### Exercise
The lines from the one holding "4.6 Acres of" to the final line of the listing below are to be duplicated exactly, with both ends included and pictures omitted.

*** Opening of Stored data ***

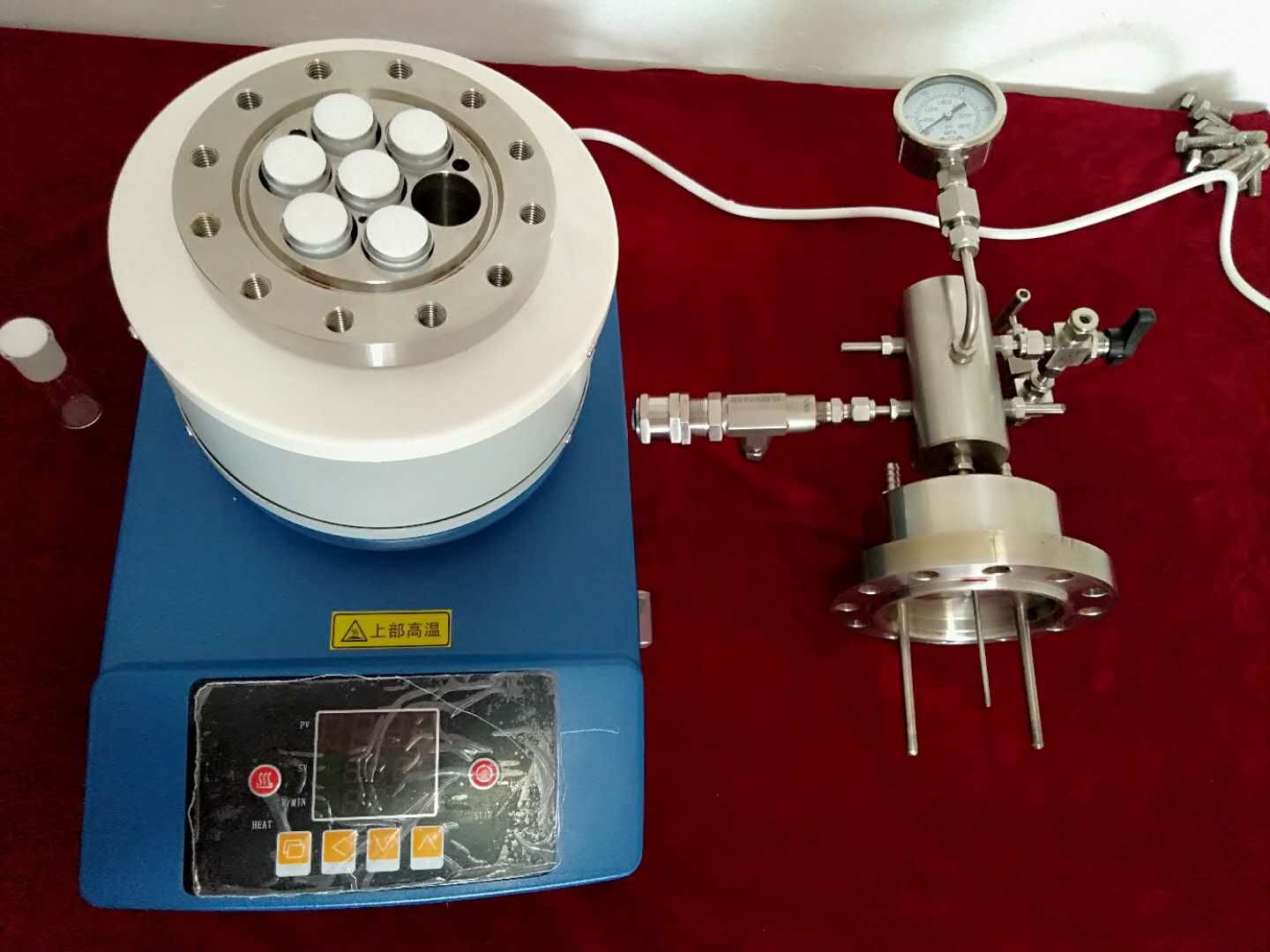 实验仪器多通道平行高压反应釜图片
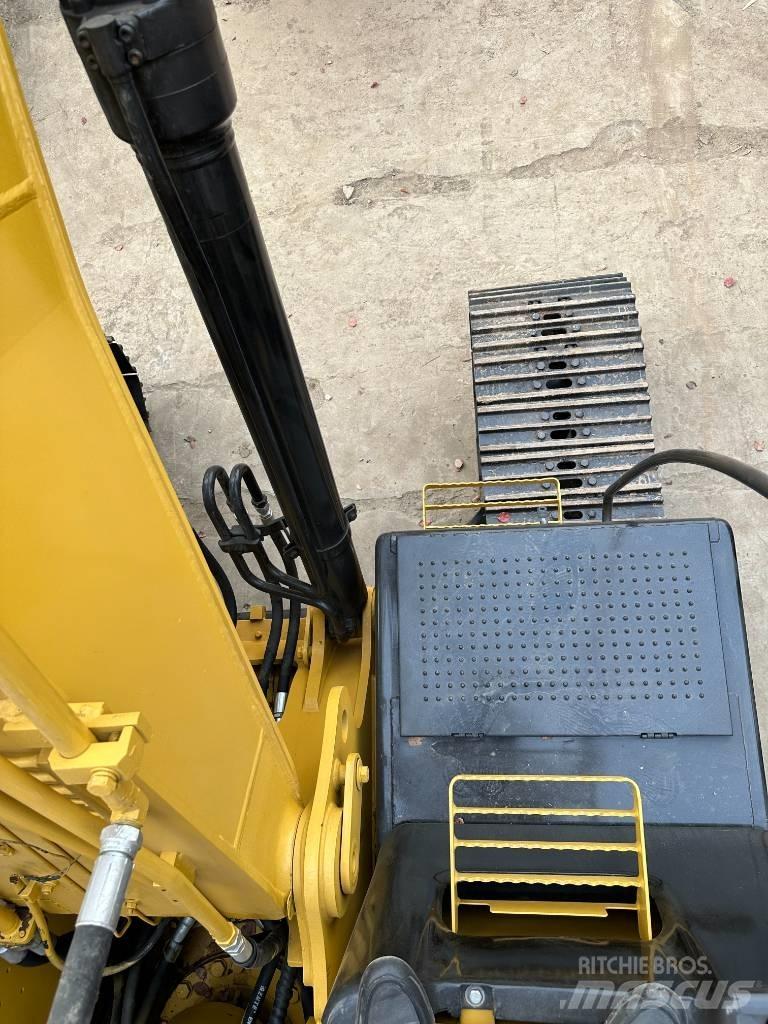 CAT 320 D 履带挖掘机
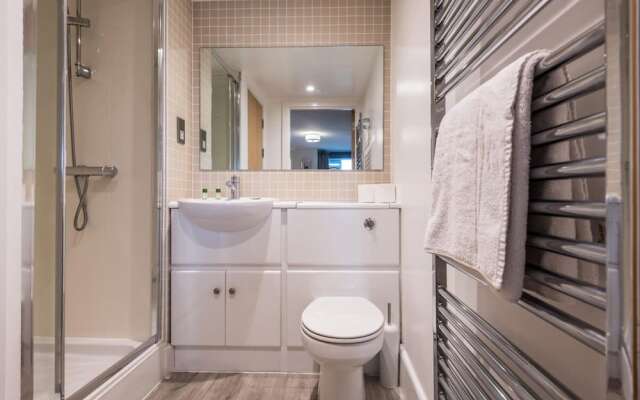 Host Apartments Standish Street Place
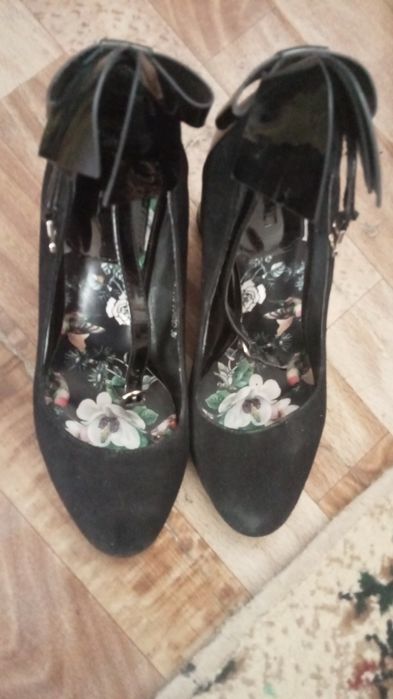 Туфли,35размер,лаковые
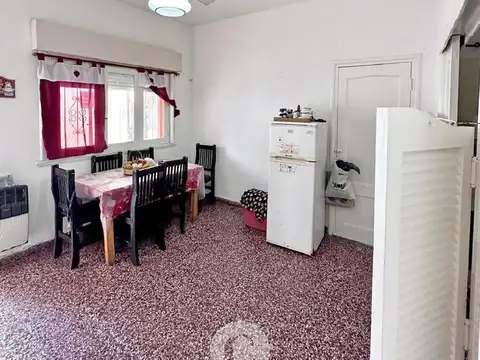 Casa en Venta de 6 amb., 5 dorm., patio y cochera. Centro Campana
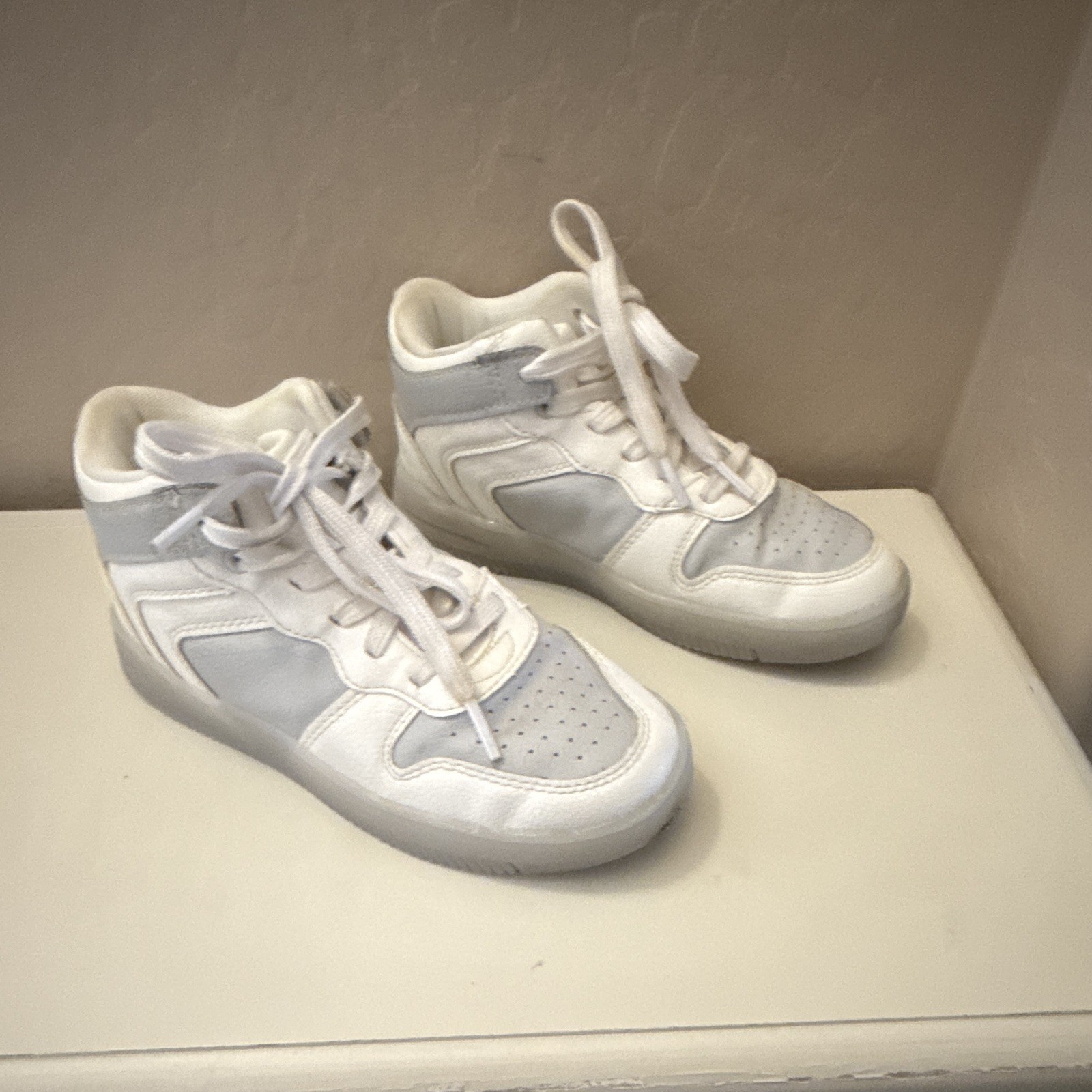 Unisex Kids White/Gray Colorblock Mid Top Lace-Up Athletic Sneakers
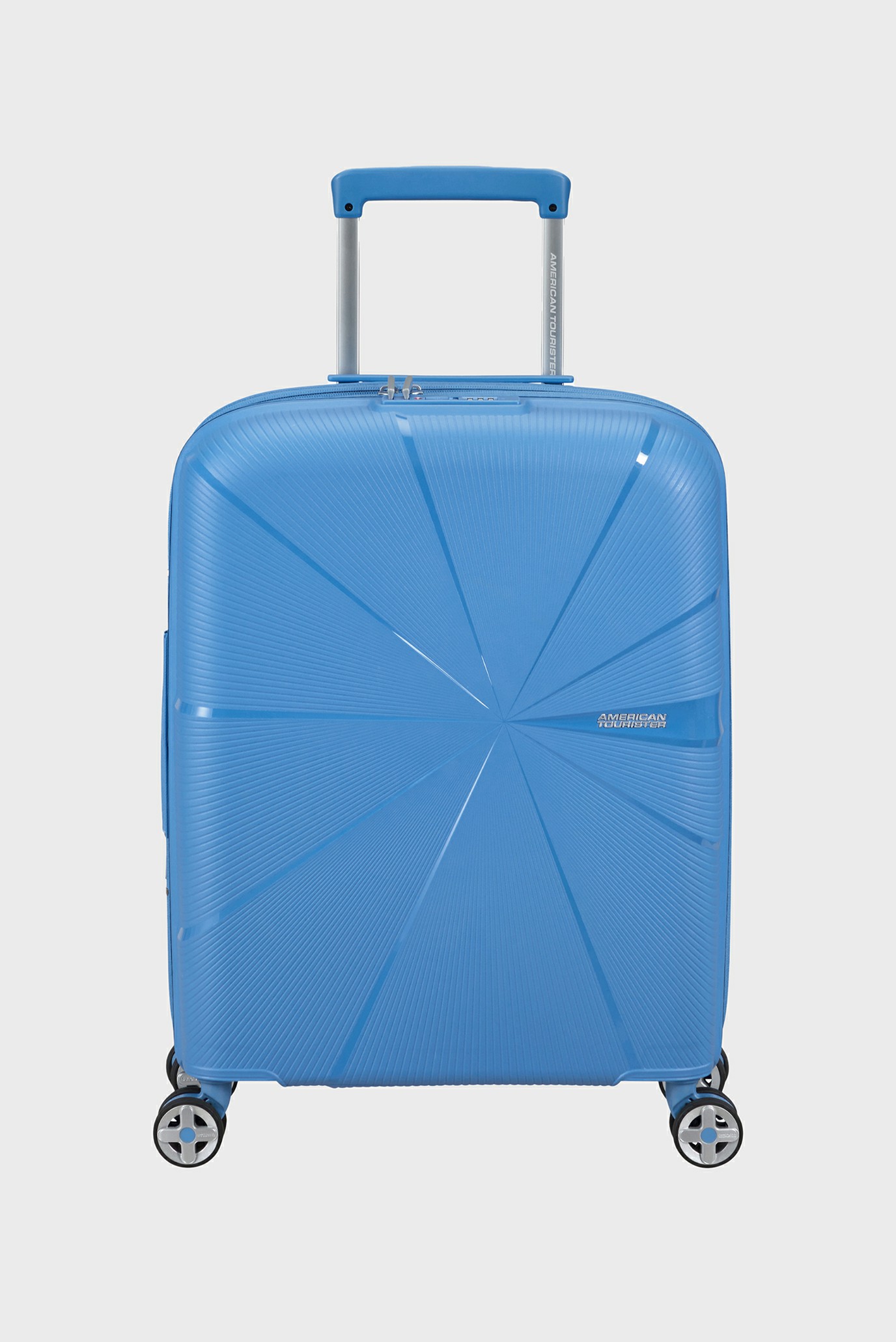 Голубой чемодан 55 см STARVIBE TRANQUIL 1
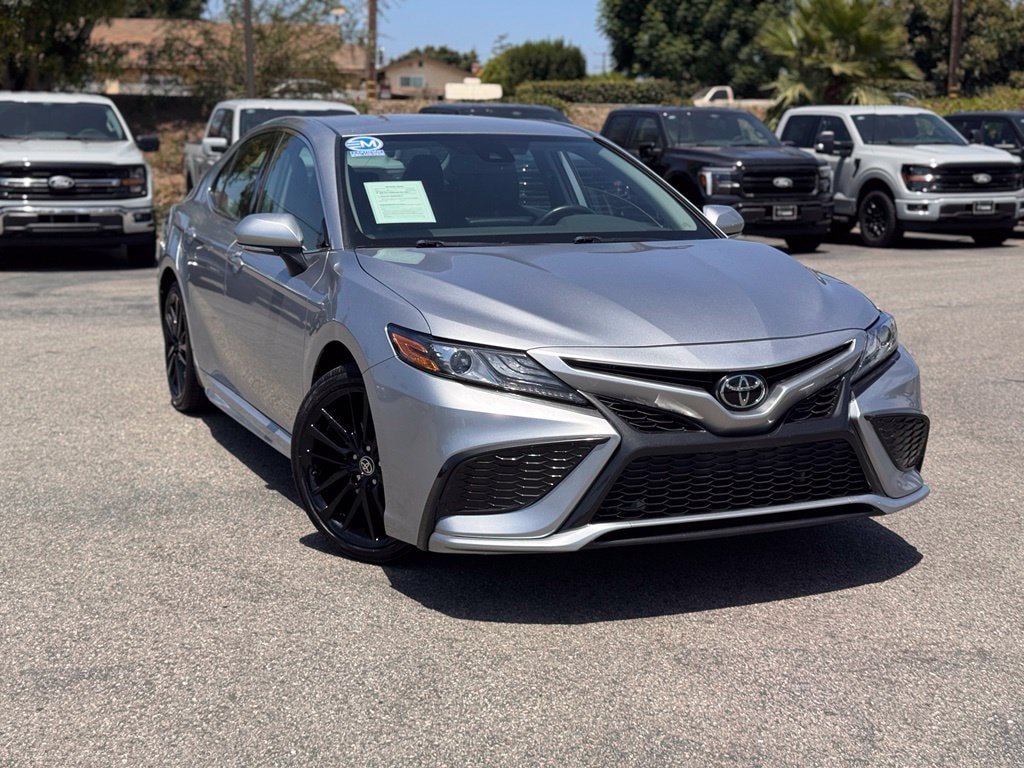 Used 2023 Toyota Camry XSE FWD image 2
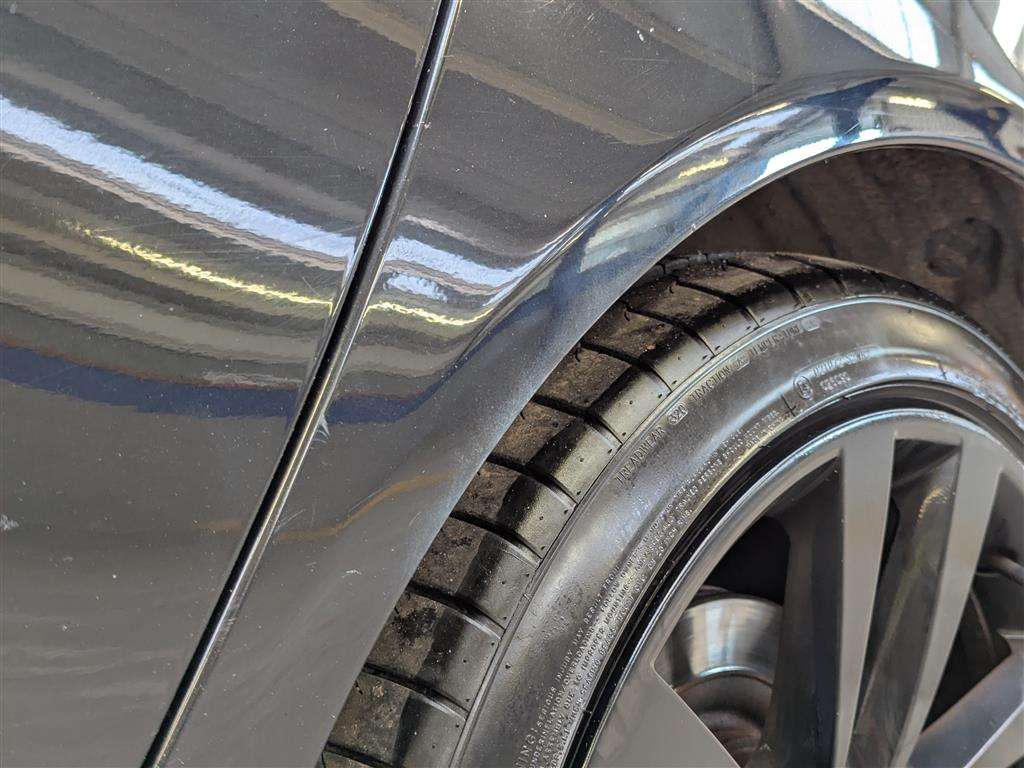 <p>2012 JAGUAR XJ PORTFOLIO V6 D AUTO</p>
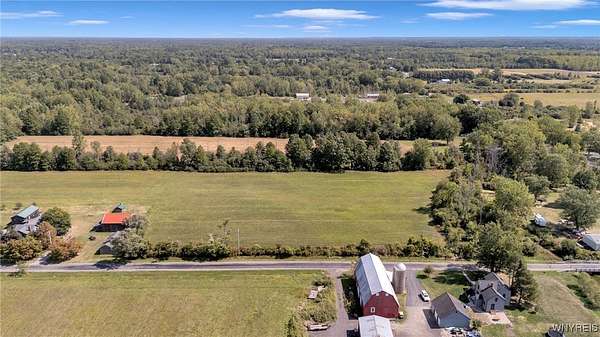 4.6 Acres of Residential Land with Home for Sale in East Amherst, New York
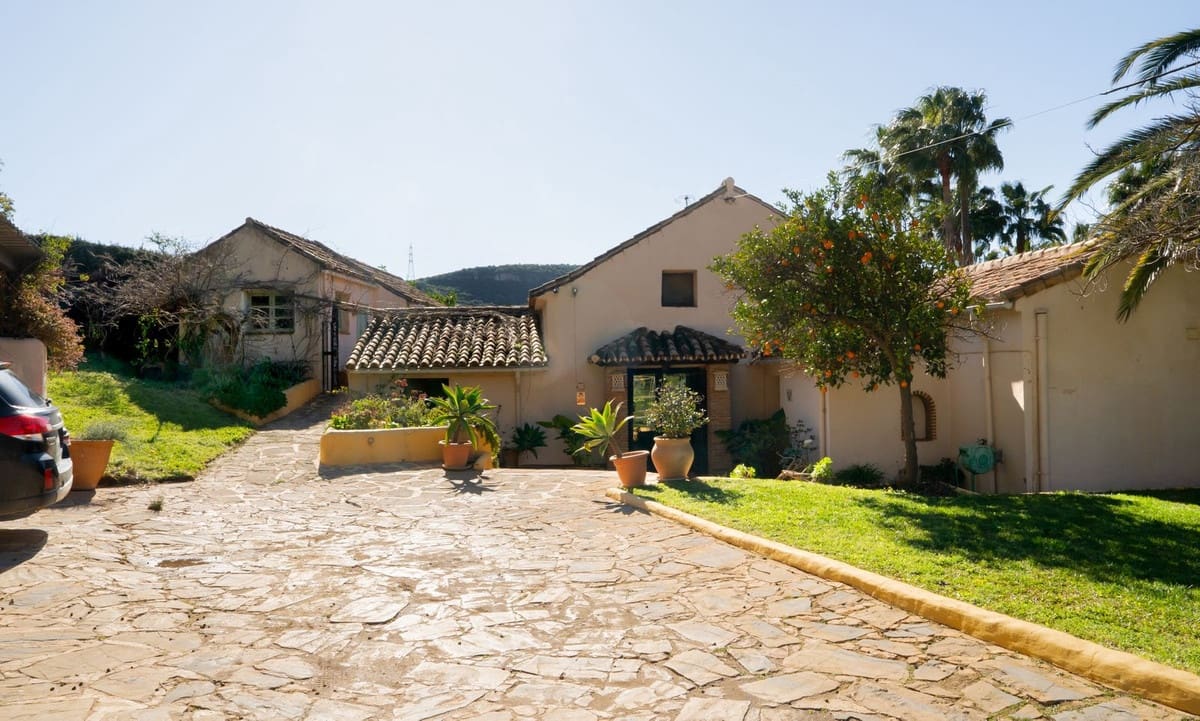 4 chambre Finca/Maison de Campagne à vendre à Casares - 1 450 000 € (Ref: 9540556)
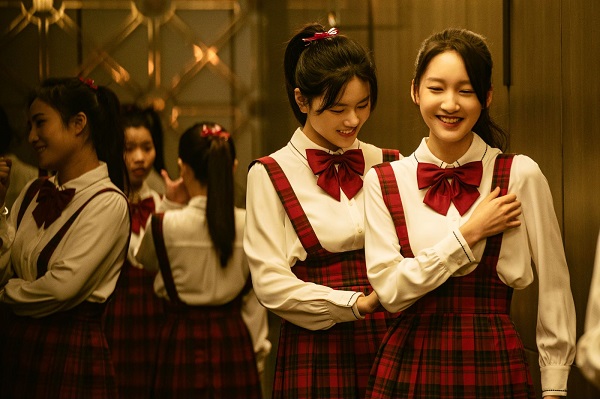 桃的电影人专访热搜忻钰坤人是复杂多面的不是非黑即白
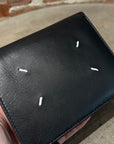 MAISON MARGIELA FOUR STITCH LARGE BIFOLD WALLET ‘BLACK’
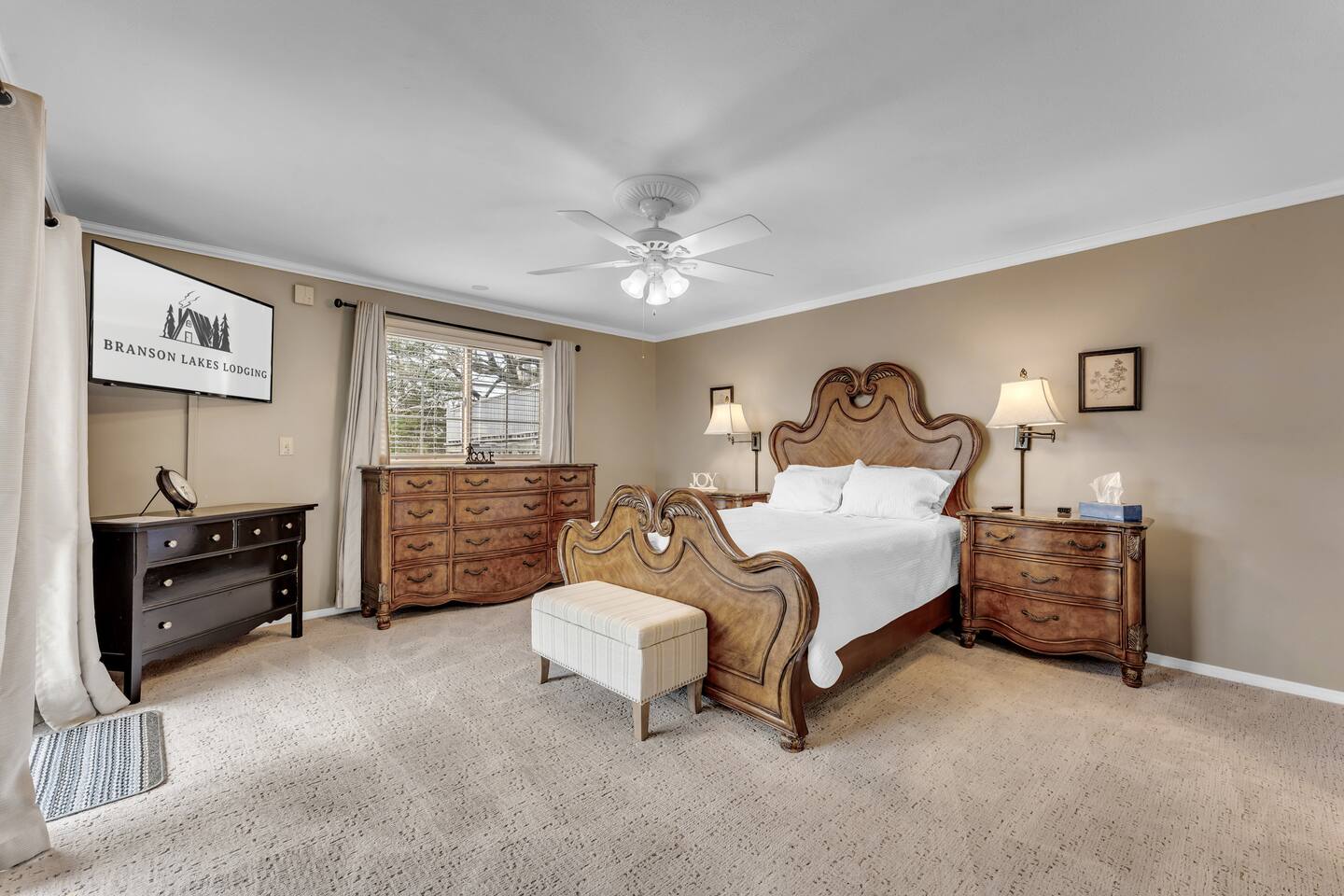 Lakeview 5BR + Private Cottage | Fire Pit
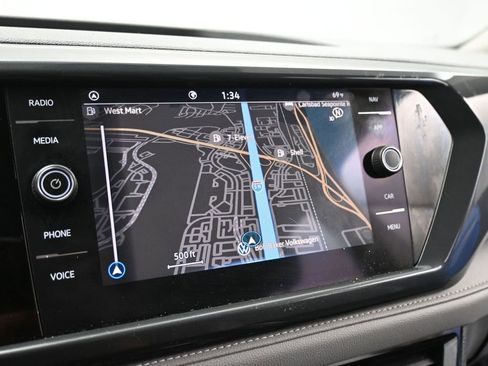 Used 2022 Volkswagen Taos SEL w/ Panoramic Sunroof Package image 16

*** Close of Stored data ***

### Answer section
 4.6 Acres of Residential Land with Home for Sale in East Amherst, New York
 4 chambre Finca/Maison de Campagne à vendre à Casares - 1 450 000 € (Ref: 9540556)
 桃的电影人专访热搜忻钰坤人是复杂多面的不是非黑即白
 MAISON MARGIELA FOUR STITCH LARGE BIFOLD WALLET ‘BLACK’
 Lakeview 5BR + Private Cottage | Fire Pit
 Used 2022 Volkswagen Taos SEL w/ Panoramic Sunroof Package image 16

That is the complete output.